Colombian journalist

Gloria Vanessa de la Torre Sanclemente (born 10 January 1978) is a Colombian journalist. She is currently the week midday co-anchor of Noticias Caracol and is the presenter of the research program El rastro.

==Biography==
De La Torre was born on 10 January 1978 in Cali. She is the daughter of Alejandro de la Torre and Gloria Sanclemente. De La Torre studied social communication with emphasis in journalism at the Pontifical Xavierian University in Bogotá with expertise in Latin American Studies at Georgetown University in Washington D.C. She began her career at CNN en Español which was reporting the September 11 attacks, and later became a reporter for programadora CM&.

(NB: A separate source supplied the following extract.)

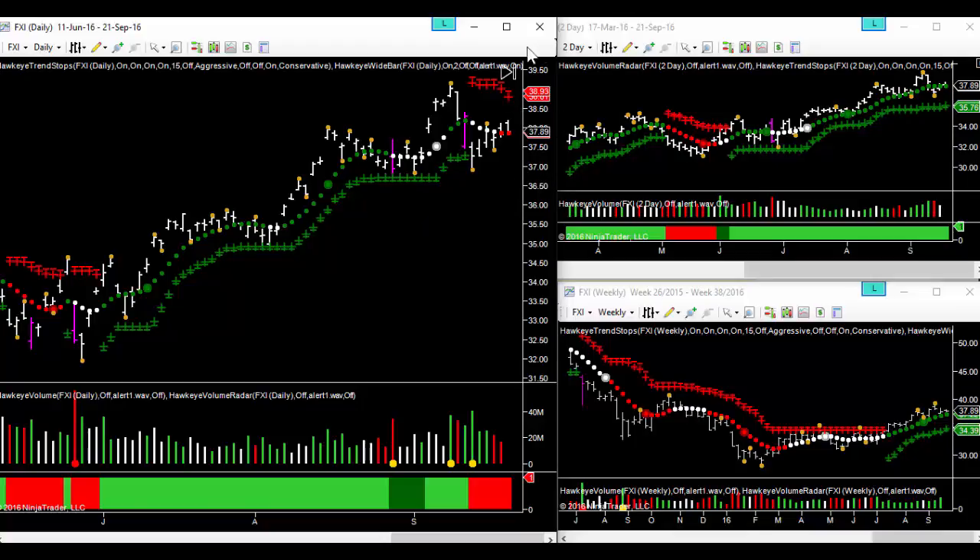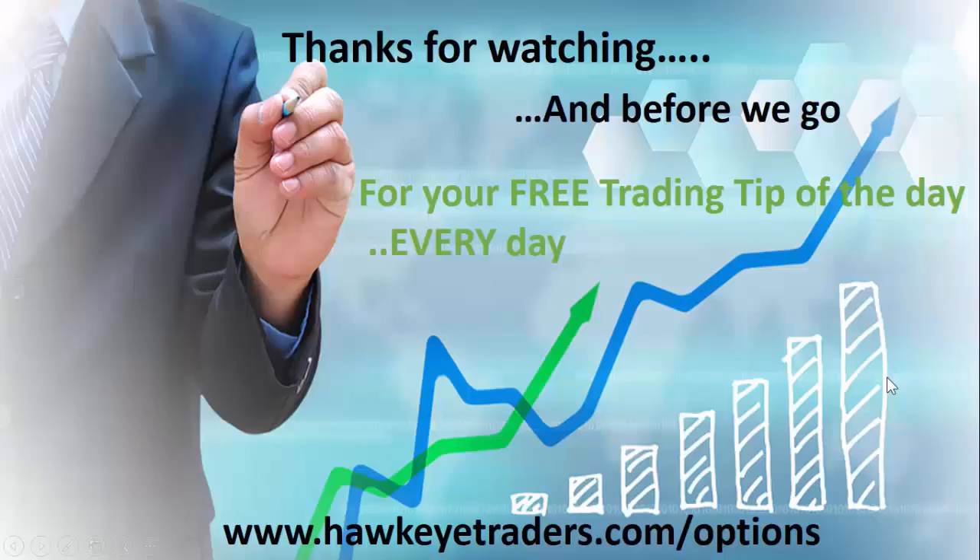We're looking at 37 on the bottom end, 38.50 in the middle, and 40 dollars on the top. This isn't going to be a trade we hold for more than October expiry — we may even do it to the end of September. We're looking to target perhaps 30 or 40 percent off this trade, and because we've kept the strike price placement so wide, we feel relatively confident it will remain within the range.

De La Torre later served as a correspondent for Noticias Caracol from Washington D.C., as well as working for W Radio. She returned to Colombia in 2011 to join as a presenter on the morning broadcast of the news, along with Juan Diego Alvira. De La Torre is the current presenter of the afternoon edition of Noticias Caracol alongside Mónica Jaramillo, and of the investigative program El rastro which airs during the holiday period, and is part of the schedule of the Mornings Blu of Bluradio with Néstor Morales.

==Personal life==
She is married to Diego Santos, the manager of digital content and products at "Casa Editorial El Tiempo", which whom she has two daughters.